El ColónRing sufre con respecto a la obra que Wagner concibió. Los cortes no son gratuitos. La falta del conflicto doméstico de los dioses, esa tensión entre lo privado y lo público, no sólo desaparece en esta versión, sino que torna poco comprensibles muchas de las acciones, por ejemplo la relación entre Wotan, Siegmund y Sieglind, central en la trama de La valquiria. Para el oyente conocedor de la obra, faltan, asimismo, muchos de los motivos que justifican las referencias posteriores (como el de la maldición del anillo). Sin ser mejor, esta versión tampoco es más funcional, ni más barata ni más fácil de hacer. No resulta más deseable que la original ni tampoco más posible. Y, aun así, las siete horas de alguna de la más maravillosa música jamás escrita, interpretada en tal nivel de excelencia, convierten al mini anillo en una experiencia destacable. El nivel de placer del oyente, obviamente, tendrá una relación inversa con su grado de conocimiento anterior de la obra y, por consiguiente, con su posible decepción. Pero el dúo final de Siegfried, entre él y Brünhilde (extraordinarios Leonid Zakhozhaev y Linda Watson), o la escena de Sieglinde y Siegmund en La valquiria (fantásticos Marion Amman y Stig Andersen, quien cantó Tristán el año pasado en el Argentino de La Plata) difícilmente puedan dejarlo indiferente.

Con un trabajo magistral del iluminador Peter van Praet, tanto la escenografía, concebida casi sin tiempo por Carles Berga sobre los restos dejados por Frank Schlössmann, quien formaba parte del equipo de la fugada Katharina Wagner, como la meritoria puesta de Valentina Carrasco, elaborada en apenas un mes para salvar al tambaleante proyecto del naufragio, cumplen parcialmente con las demandas. En el caso de la primera, podría pensarse que la estética de Carrasco habría demandado un Walhala menos parecido a un pisito de soltero y una roca para Brünhilde no tan parecida a un chalet de Cariló. Y en el de la segunda, que ciertas incoherencias ideológicas podrían haberse salvado. La directora elige situar personajes y lugares en territorios reconocibles de la historia reciente. La muerte de Siegfried se superpone con filmaciones de los funerales de héroes como Perón o el Che Guevara (o la Madre Teresa). Las valquirias usan el uniforme de los gurkas y Mime toma mate en su fragua.

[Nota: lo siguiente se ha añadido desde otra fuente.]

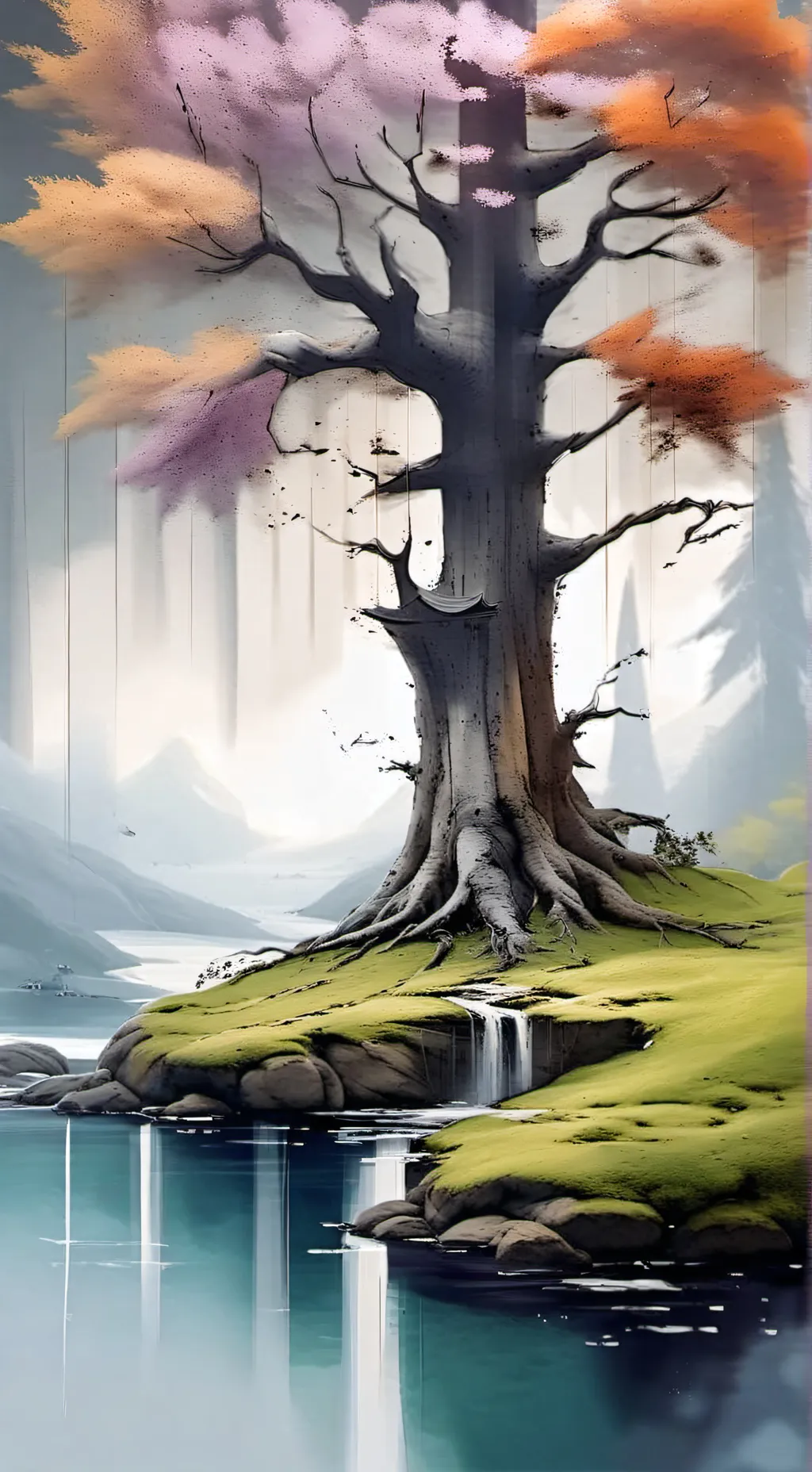 ai character: zip  background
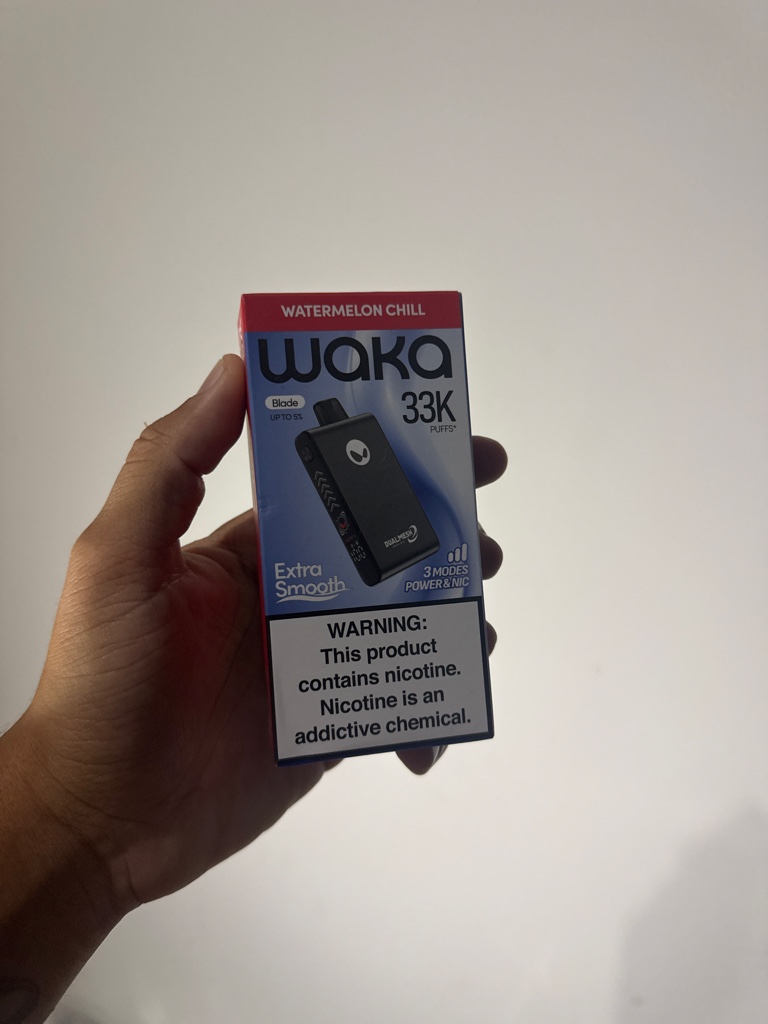 WAKA 33k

Pero donde su concepción hace agua es en la idea de que el tesoro, en lugar de oro, sea la niñez robada. Todo funciona bien en el comienzo. Pero cuando Siegfried, como muestra de su heroico desinterés, asegura no darle importancia al tesoro –o cuando, luego de derrotar a Fafner, dejar el oro en la gruta se traduce, literalmente, como abandonar a los niños encerrados–, la cuestión se tambalea. Los sonoros abucheos de parte de los asistentes a la función del estreno, de todas maneras, presumiblemente haya tenido más que ver con los aciertos de la puesta que con sus errores. Con un exacto manejo de los movimientos de masas, Carrasco produjo varios momentos de plástica belleza hasta llegar al final, con gente de la calle en el escenario y los niños finalmente liberados corriendo hacia ellos.